The article from Consumer Reports is an excellent resource for pregnant women. It is full of information about overused procedures and things one should do while pregnant and before pregnancy. One of the 10 overused procedures listed was “sending your newborn to the nursery”. I was a bit surprised by that one. Most women I know talk about how delighted they are to have their baby in their room the entire time. They sang praises about it so much that I felt awkward sitting there knowing that I had used the nursery several times. When my first two were born it was commonplace to send a baby to the nursery. The nurse was then supposed to wake you up if the baby needed to be nursed. Two out of two babies, that never happened. The next two babies saw hospitals that encouraged the mom and newborn to be together more. I got to see both worlds. So what did I learn?
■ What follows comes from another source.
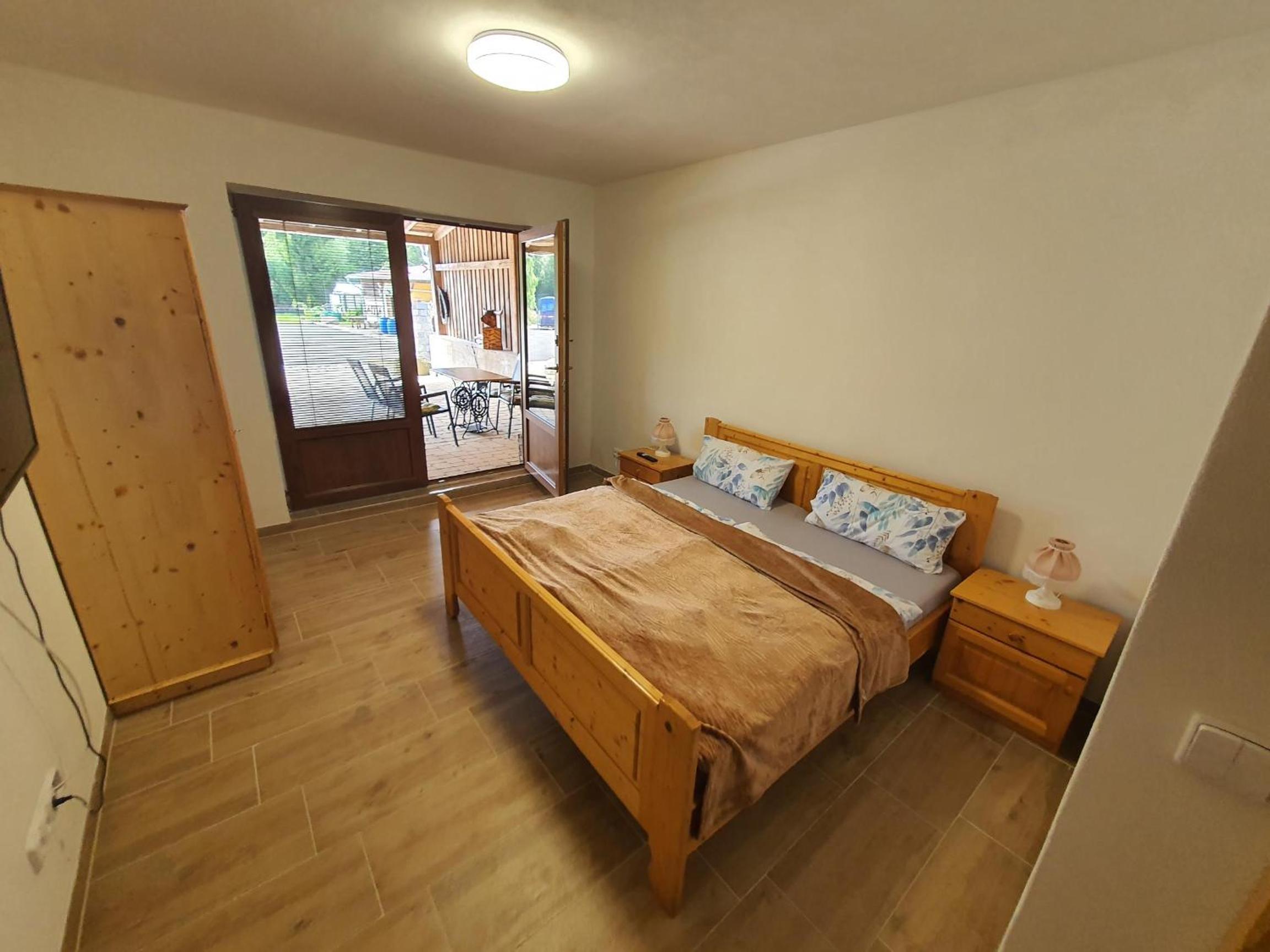 Deluxe Double Room with Shower photo 1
I learned that it is not a crime to allow your baby to see the inside of the hospital nursery. I also learned that if you plan to breastfeed then keep your baby in your room all night. While I feel I bonded naturally with all my babies, I do not think I slept any better with a baby in or out of my room. I rather enjoyed having my baby with me during my hospital stay. I did allow the nurses to take the baby once with my fourth after a difficult and tiring labor. From that point on, I had her in my room and enjoyed every second of it. However, if you need the rest, the support, the calmness, then do not feel guilty about allowing your baby to go to the nursery for a bit. Some women have a troubling time and need to mentally rest. It is no one’s business but your own who you handle your recovery. I prefer the baby in the room but if your needs are different then do what you must. You will still bond and still cultivate a loving relationship.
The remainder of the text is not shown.